Waterfall is a small suburb in southern Sydney, in the state of New South Wales, Australia. It is 40 km south of the Sydney central business district in the Sutherland Shire. It is the southernmost suburb of Sydney in the eastern corridor, on the Princes Highway, bordering Helensburgh.

==Geography==
Waterfall is bordered to the north by the suburb of Heathcote, with Engadine further north; by the Royal National Park to the east; and by Heathcote National Park to the west. Helensburgh is the next town, traveling south. Waterfall marks the southern border of the Sutherland Shire. It is approximately 230 metres above sea level.

Waterfall has only seven streets. The bushland gives the small suburb a natural surrounding and walking tracks lead from it into the neighbouring national parks. To the west is a dammed lake and behind it is Mount Westmacott.

== History ==
Waterfall began in 1884 as a railway construction workers' camp and staging point for the construction of the Illawarra railway line between Sydney and Wollongong in the late 19th century. The site was the last point where the railway alignment and Illawarra Road (now Princes Highway) were in close proximity. A large number of railway construction workers were needed for the extensive excavation and tunnelling works beyond Waterfall to the south. It is the site of the highest point on the line, with a steep rising gradient at one end, and a falling gradient at the other end, and sidings were provided in both directions to allow freight wagons to be stowed and shunted. A reservoir was built nearby and water pumped to the railway to re-water steam trains after their ascent. The original Waterfalls railway station opened in 1886. This railway station, railway buildings and houses were located 600m to the south of the present station and the school opened nearby. As rail traffic and facilities grew, the railway was duplicated and a larger, permanent settlement became established.

Waterfall derived its name either from the waterfalls close to the railway station or from steam trains re-watering or making their 'fall' for water. A South Waterfall existed until 1914. McKell Avenue, the southern border of the Royal National Park, was originally called Waterfall Road.

The Waterfall State Sanatorium was established in 1909 for the treatment of tuberculosis patients, some of whom were forcibly quarantined. Later, the facility was used for quarantine treatment during the influenza pandemic. The facility had its own cemetery. Later still, it became the Garrawarra Hospital and Garrawarra Centre aged care facility. Construction of Woronora Dam, southwest of Waterfall, from 1927, contributed to the growth of the settlement. A nudist community was established to the southwest of the settlement. A Boy Scout camp was built on a Crown lease to the west of the settlement. In 1973 Australia's first Community Advanced Driver Training Centre was opened in Waterfall but closed a few years later.

Bushfires have been a recurrent danger and destroyed Waterfall houses.
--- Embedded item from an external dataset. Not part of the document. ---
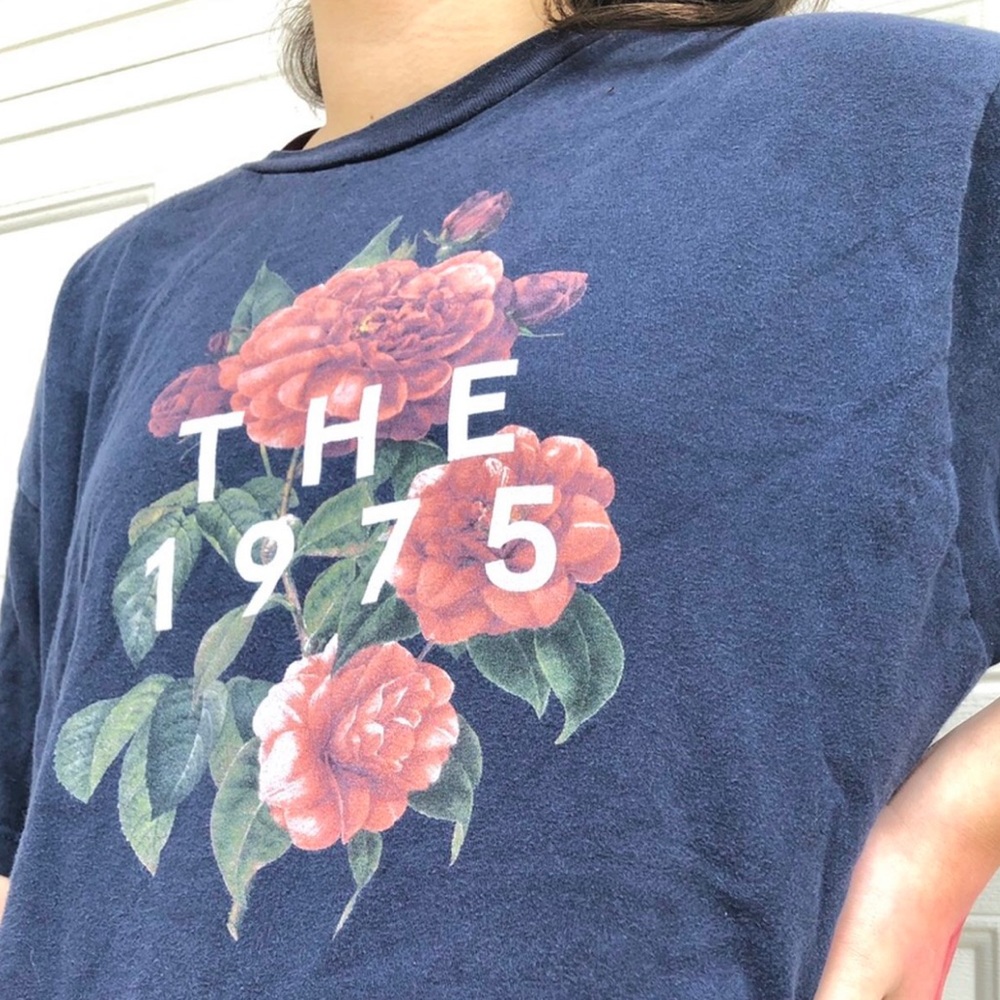 ‘THE1975’ band tee!!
On 3 November 1980, five volunteer firefighters were killed by a fireball that engulfed them and their truck on the Uloola track just east of the settlement.

The Waterfall train collision on 20 December 1994 involved two S-set electric trains which collided at low speed in the early hours of the morning during a shunting procedure at Waterfall station in the south of Sydney. Both trains were empty of passengers. Carriages jack-knifed in spectacular fashion onto the platform, causing demolition of a concrete ramp to the overbridge and part of the station canopy.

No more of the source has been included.